ZOMBILLÉNIUM, d’Arthur de Pins & Alexis Ducord – 1h16
Film d’animation
Sortie : mercredi 18 octobre 2017
À mon avis : 3 sur 5
Dans le parc d’attraction Zombillénium, les monstres ont le blues. Non seulement, zombies, vampires, loups garous et autres démons sont de vrais monstres dont l’âme appartient au Diable à jamais, mais en plus ils sont fatigués de leur job, fatigués de devoir divertir des humains consuméristes, voyeuristes et égoïstes, bref, fatigués de la vie de bureau en général, surtout quand celle-ci est partie pour durer une éternité…
Tout change à l’arrivée d’Hector, un humain, contrôleur des normes de sécurité, bien déterminé à fermer l’établissement. Francis, le Vampire qui dirige le parc, n’a pas le choix : il doit le mordre pour préserver leur secret.
Muté en drôle de monstre, séparé de sa fille Lucie, et coincé dans le parc, Hector broie du noir…
Et s’il devenait finalement la nouvelle attraction phare de Zombillénium ?…
Avec son premier long métrage, Arthur de Pins adapte sa propre bande dessinée, publiée dans le journal de Spirou en gardant le style graphique et une élégance qui est son image de marque. Une aventure dessinée qui a commencé en 2008 quand le rédacteur en chef du magazine lui a demandé de signer les couvertures Spirou spécial Halloween. Récit de l’auteur : « Alors là je tombe des nues… et j’ai répondu « oui ». Parce que déjà ça me faisait mar- rer, et en plus les monstres, c’est-à-dire les vampires, les zombies, les loups-garous, c’est un truc que j’aimais bien quand j’étais adolescent. Après, tout ce qui est fantastique, c’était un univers que j’avais laissé tomber depuis mes études, mais je me suis dis « pourquoi pas ? ». J’ai donc fait une couverture où on voyait tout un tas de monstres qui étaient en train d’enterrer le lecteur.
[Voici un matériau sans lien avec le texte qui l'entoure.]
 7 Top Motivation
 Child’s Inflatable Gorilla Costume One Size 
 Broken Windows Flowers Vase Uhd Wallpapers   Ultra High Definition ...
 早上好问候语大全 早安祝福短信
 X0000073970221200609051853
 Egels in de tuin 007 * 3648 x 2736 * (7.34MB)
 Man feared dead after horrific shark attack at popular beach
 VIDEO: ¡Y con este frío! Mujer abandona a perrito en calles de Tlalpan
Fred a adoré et m’a proposé d’en faire un album ! »
L’idée de tirer un film d’animation de ses BD a pris un certain temps car plusieurs producteurs étaient
tentés mais n’ont pas trouvé les arguments artistiques pour convaincre Arthur de Pins. Cette fois, il a plongé avec Alexis Ducord en partant d’un clip/pilote nous « permettant de montrer graphiquement, visuellement à quoi le film pouvait ressembler. » Le groupe Skip the use qui était en train de faire un clip a accepté d’être du voyage. Et sur Youtube, le pilote a comptabilisé plus de 4 millions de vues.
Après plusieurs phases pour le scénario, le duo a finalement conçu le scénario d’un film qui joue avec les codes du genre, et en s’amusant à décrire les classes sociales à travers la vie des équipes de ce parc, et
surtout en suivant le personnage d’Hector, un chômeur qui trouve, dans ce lieu, l’occasion de reprendre pied sur le marché du travail et n’a rien d’un super-héros basique. Arthur de Pins poursuit : « Il sauve le parc avec les zombies, c’est-à-dire les monstres moches que Gretchen appelle à un moment « les monstres de série Z ». Au début du film, elle est sous le charme de Steven, le leader charismatique des vampires et pense qu’il faut faire un parc recentré sur eux, « branché » quoi. Heureusement, elle va changer d’avis. Il y a donc les vampires d’un côté et de l’autre les monstres « moches », de « séries Z » un peu « ringards ». D’où le problème du parc qui n’attire plus grand monde au début du film. »
Rythmé, coloré en diable et avec des personnages qui ne peuvent laisser indifférent dans ce décor de parc d’attraction coincé dans un paysage de champs plats et lugubres, près d’une petite ville endormie très typique de l’Île-de-France, Zombillénium est une manière tonique de plonger dans l’univers d’Halloween.
Les trois volumes de la saga qui a inspiré le film sont disponibles aux Editions Dupuis.